PROMPT: Only the text belongs in the copy: repeat each record exactly, without pictures.

----

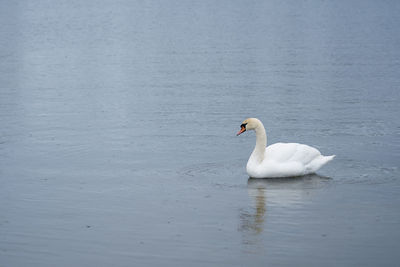 White swan on the baltic sea coast in finland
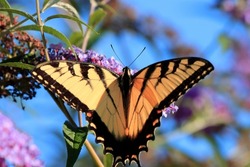 Beautiful eastern tiger swallowtail butterfly yellow black wings long antenna landed bush green leaves purple flowers attractive blue sky background 
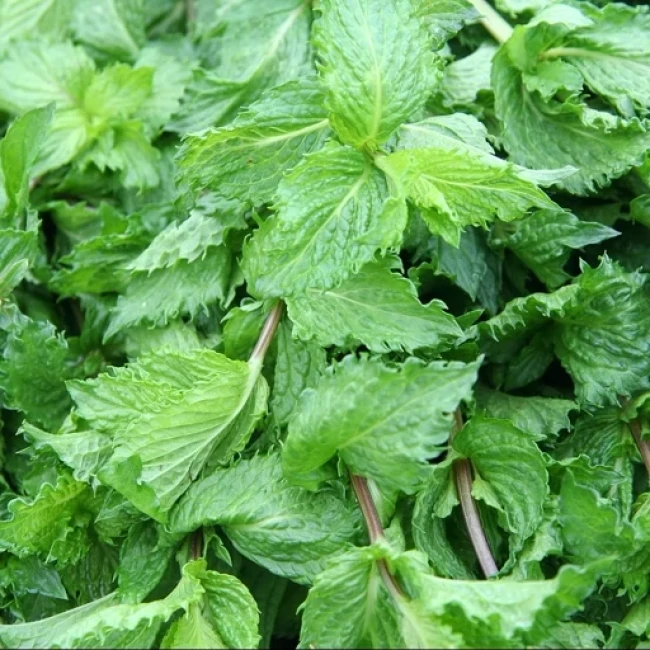 بذر نعنا لیمویی 20 عددی 
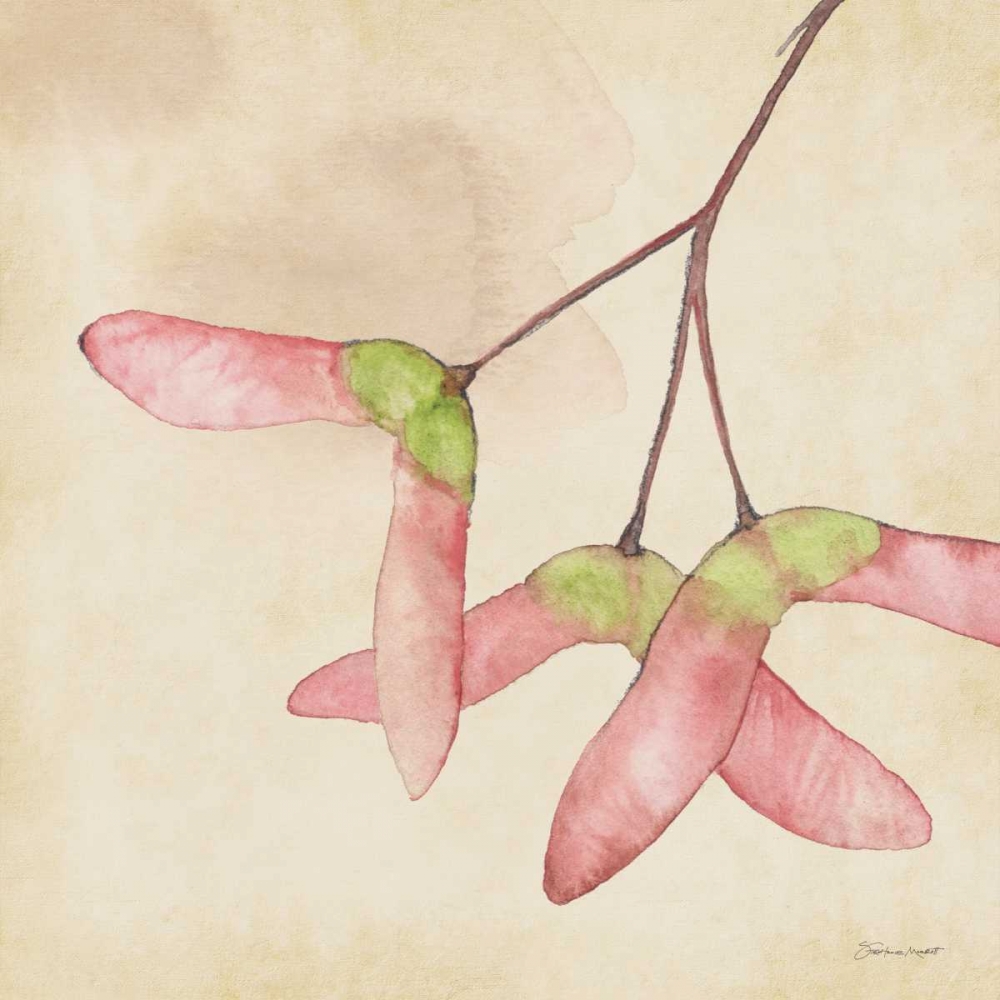 Maple Seeds In Fall art print by Stephanie Marrott for $57.95 CAD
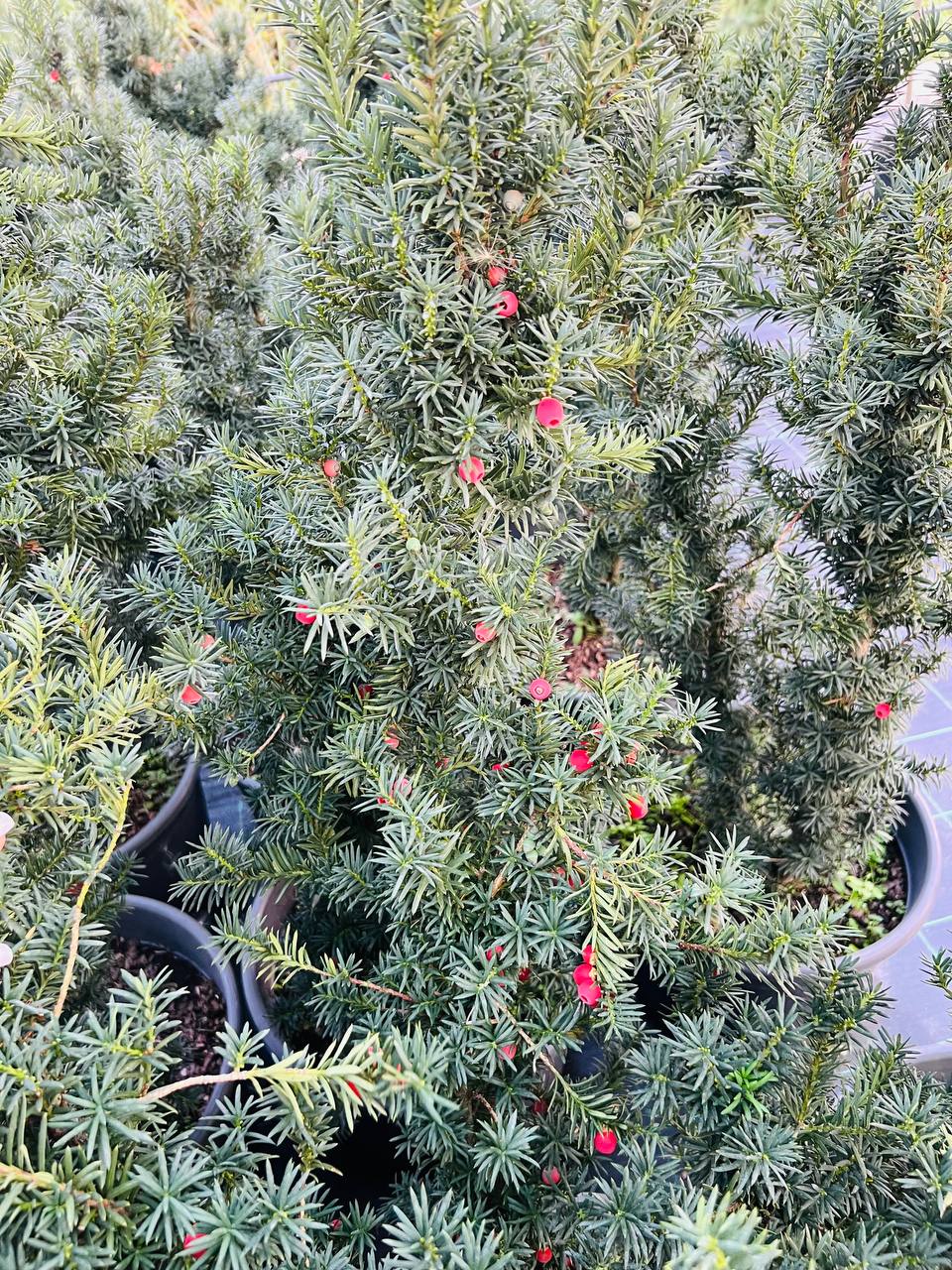 "Тис Хіксі" (Taxus media Hicksii)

----

SOLUTION TO THIS TASK:
 White swan on the baltic sea coast in finland
 Beautiful eastern tiger swallowtail butterfly yellow black wings long antenna landed bush green leaves purple flowers attractive blue sky background 
 بذر نعنا لیمویی 20 عددی 
 Maple Seeds In Fall art print by Stephanie Marrott for $57.95 CAD
 "Тис Хіксі" (Taxus media Hicksii)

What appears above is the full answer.